Input data: Begin

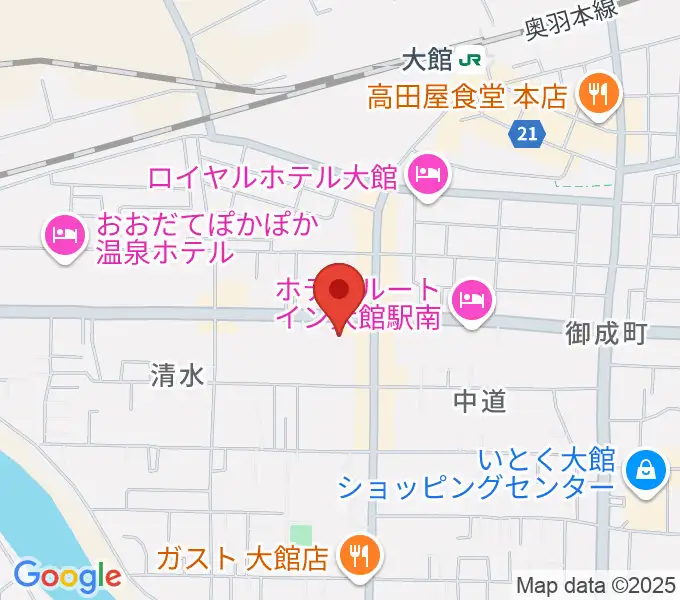 TSUTAYA 大館店の地図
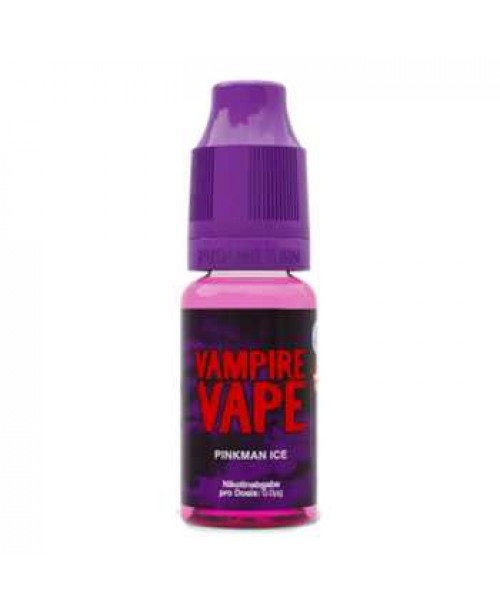 Pinkman Ice Vampire Vape Liquid 10ml (roter Früch...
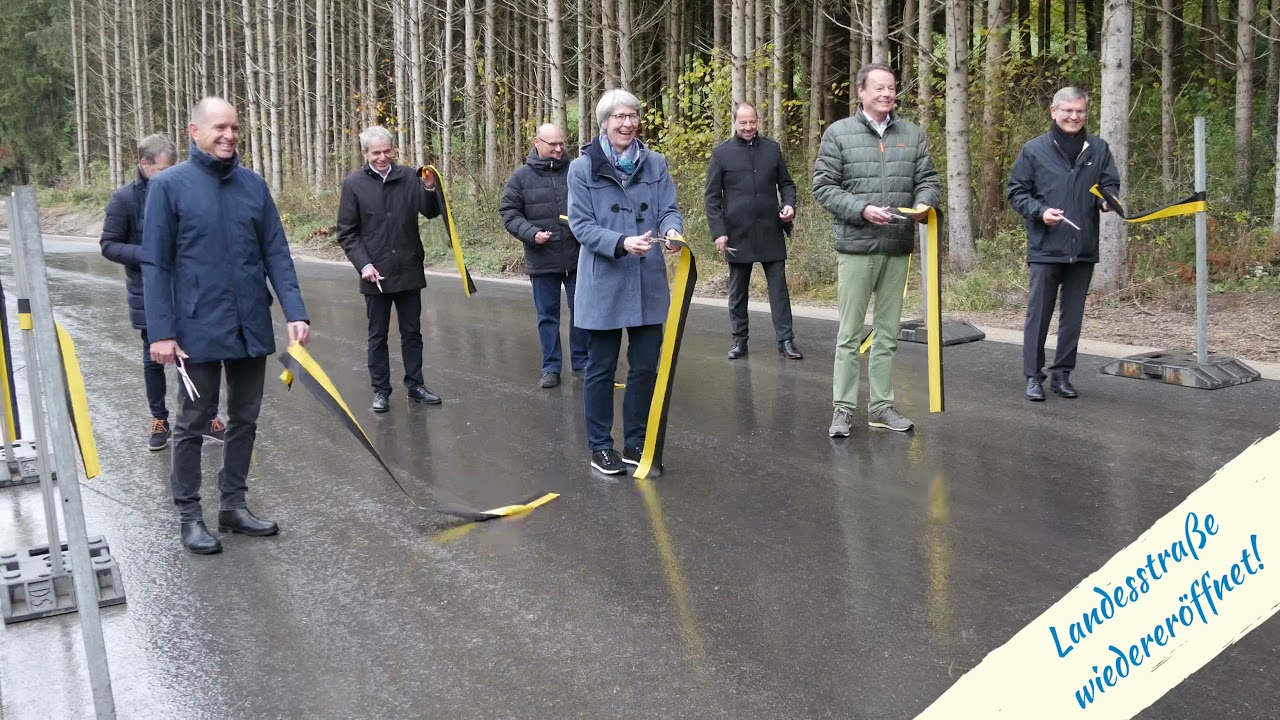 🚍🚘Landesstra&szlig;e wiederer&ouml;ffnet - die L 391 zwischen Grosselfingen und Rangendingen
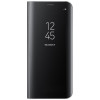 Husa SAMSUNG Galaxy S10e - Flip Wallet Clear (Negru) Blister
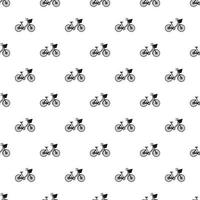 Bike with front bag pattern, simple style vector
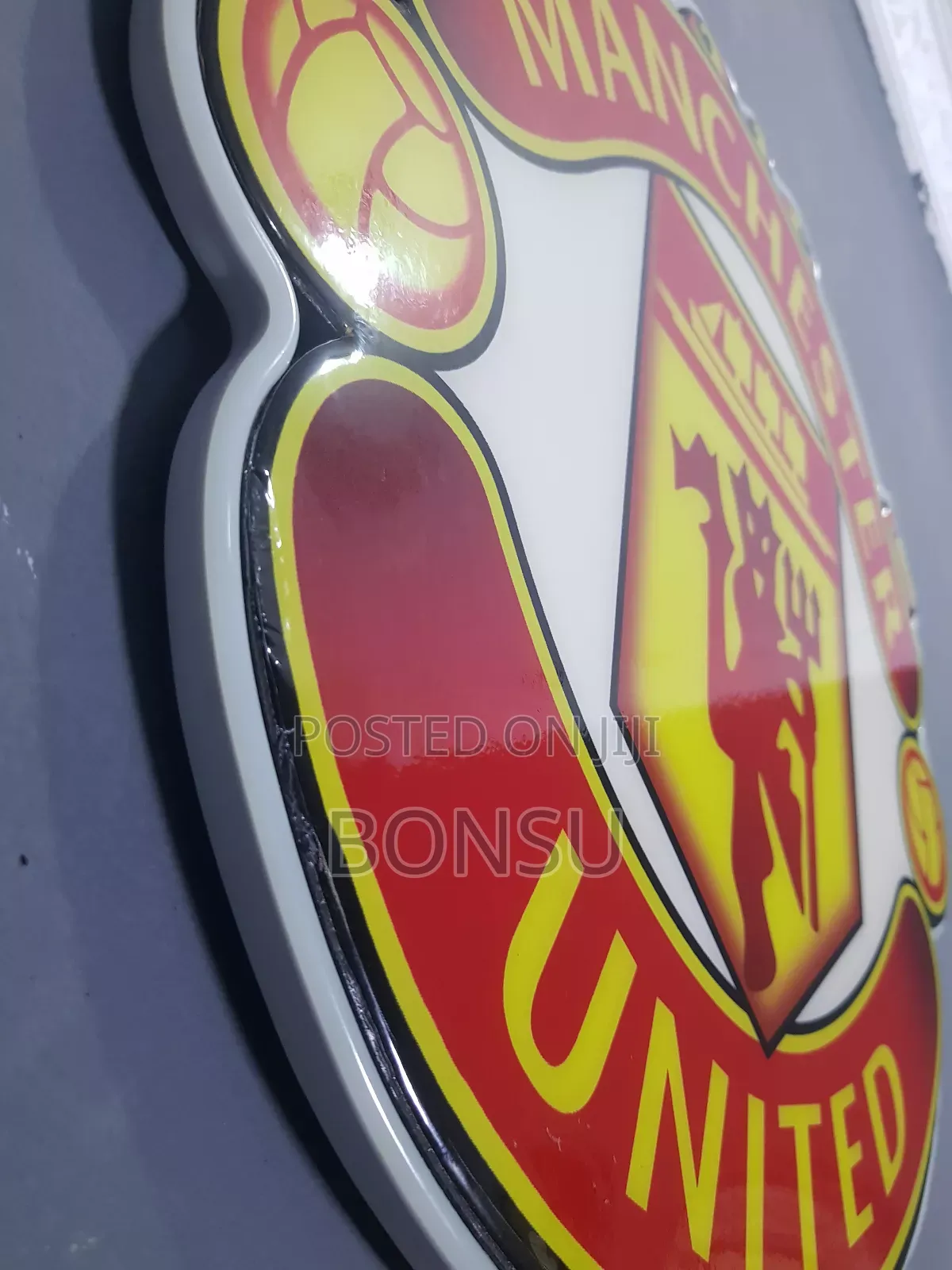 Manchester United Led 3d Logo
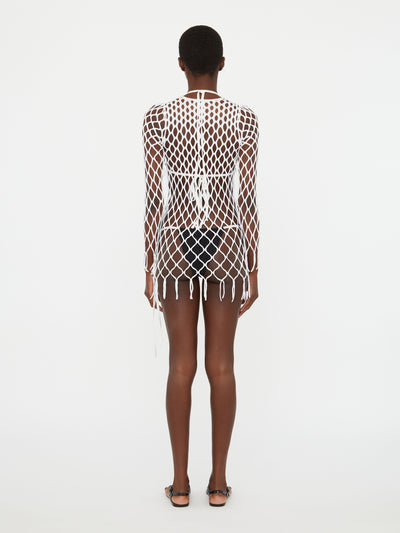 Knitted Mesh Mini Dress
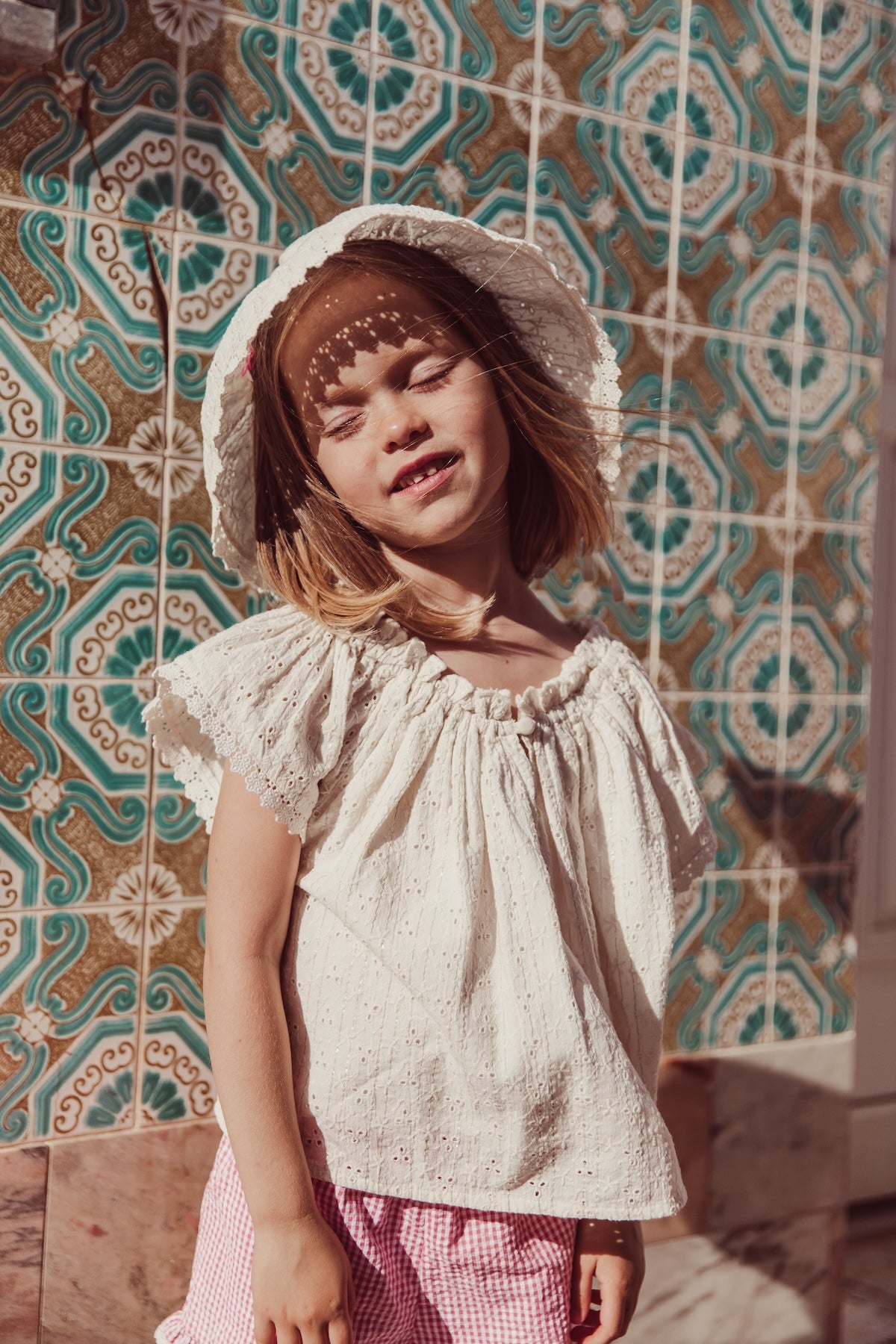 Louise Misha Bluse Perla Cream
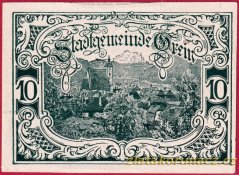 Grein - 10 haléřů - 1920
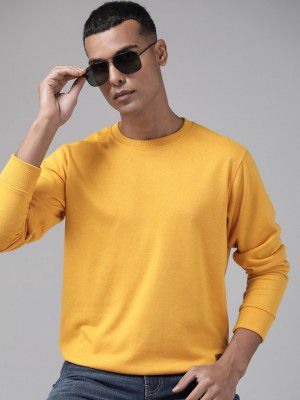 RoadsterThe Lifestyle Co. Men Solid Sweatshirt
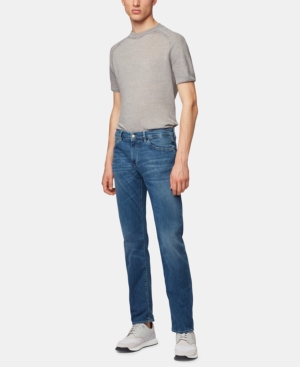 UPC 747476602115 product image for Boss Men's Maine3 Regular-Fit Italian Stretch Denim Jeans | upcitemdb.com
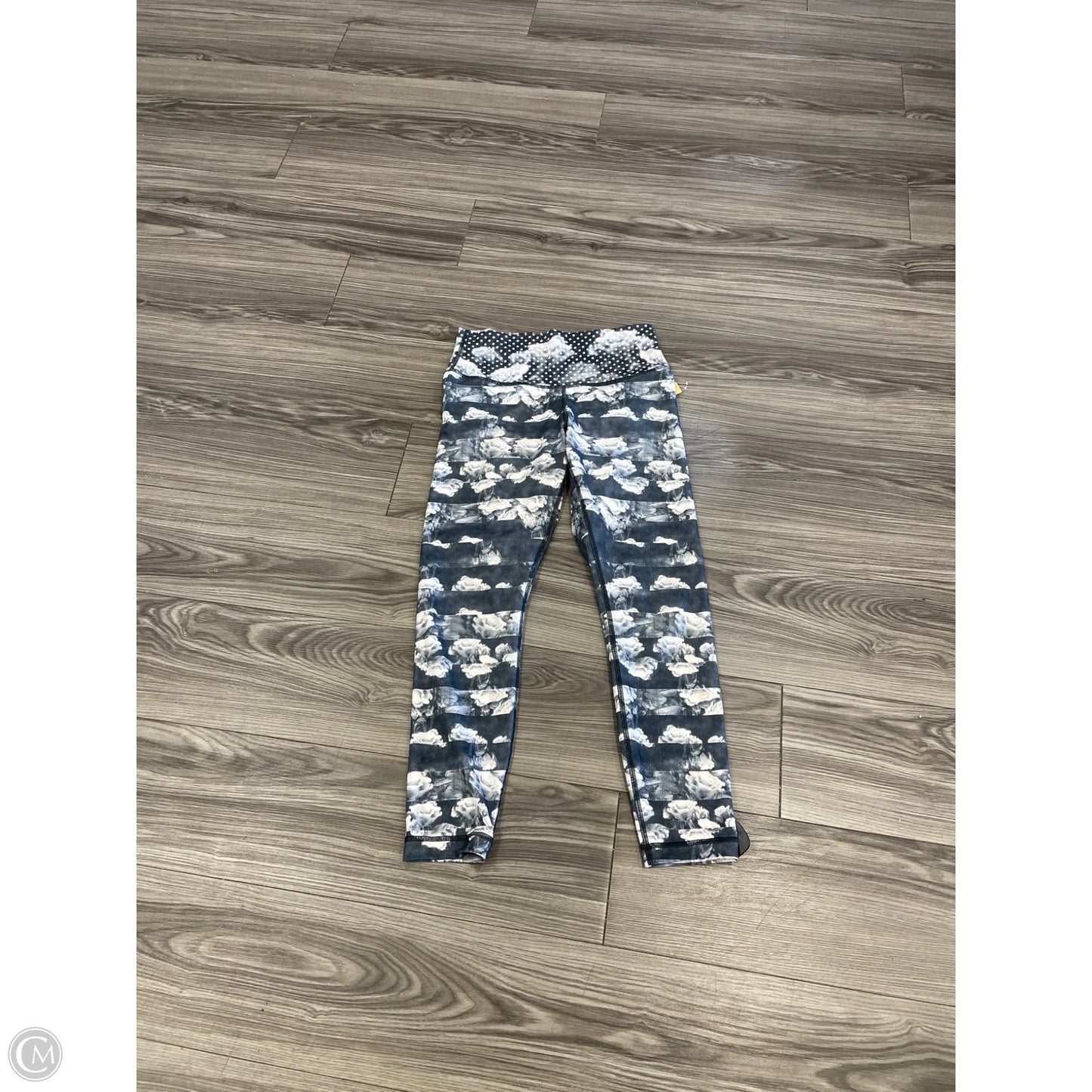 Athletic Leggings By Lululemon In Polkadot Pattern, Size: M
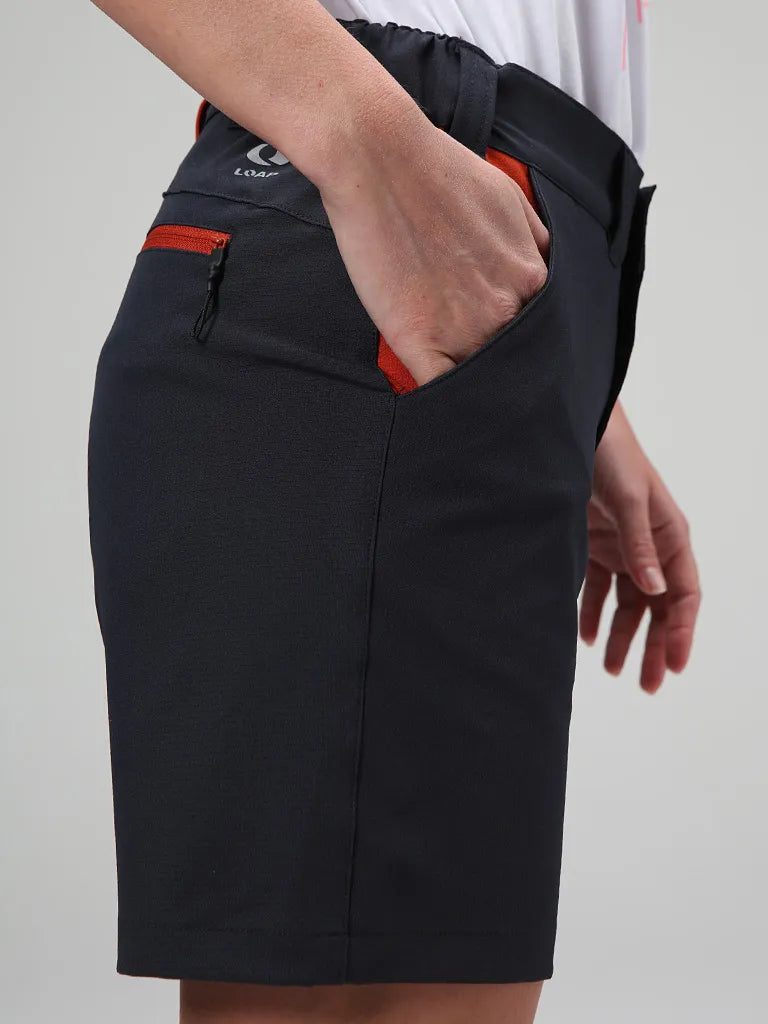 Dameshorts loap uzluna dblu blå l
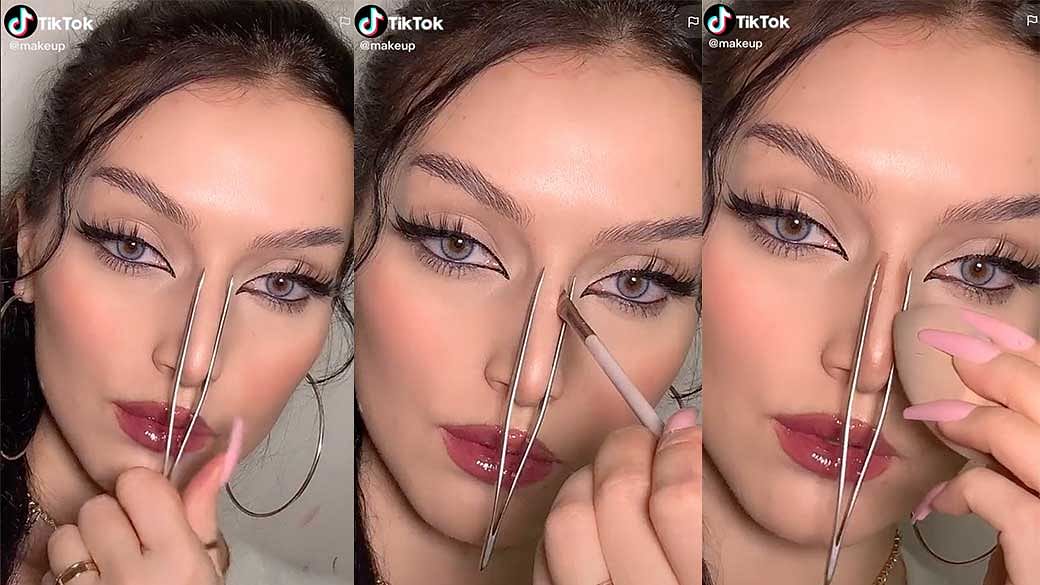 I've always wanted to try this nose contour hack👃🏼 Do you think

Input data: End

▶ _Problem_: Repeat the material above word for word; no images go in the copy.

▶ _Exercise output_:
 TSUTAYA 大館店の地図
 Pinkman Ice Vampire Vape Liquid 10ml (roter Früch...
 🚍🚘Landesstra&szlig;e wiederer&ouml;ffnet - die L 391 zwischen Grosselfingen und Rangendingen
 Husa SAMSUNG Galaxy S10e - Flip Wallet Clear (Negru) Blister
 Bike with front bag pattern, simple style vector
 Manchester United Led 3d Logo
 Knitted Mesh Mini Dress
 Louise Misha Bluse Perla Cream
 Grein - 10 haléřů - 1920
 RoadsterThe Lifestyle Co. Men Solid Sweatshirt
 UPC 747476602115 product image for Boss Men's Maine3 Regular-Fit Italian Stretch Denim Jeans | upcitemdb.com
 Athletic Leggings By Lululemon In Polkadot Pattern, Size: M
 Dameshorts loap uzluna dblu blå l
 I've always wanted to try this nose contour hack👃🏼 Do you think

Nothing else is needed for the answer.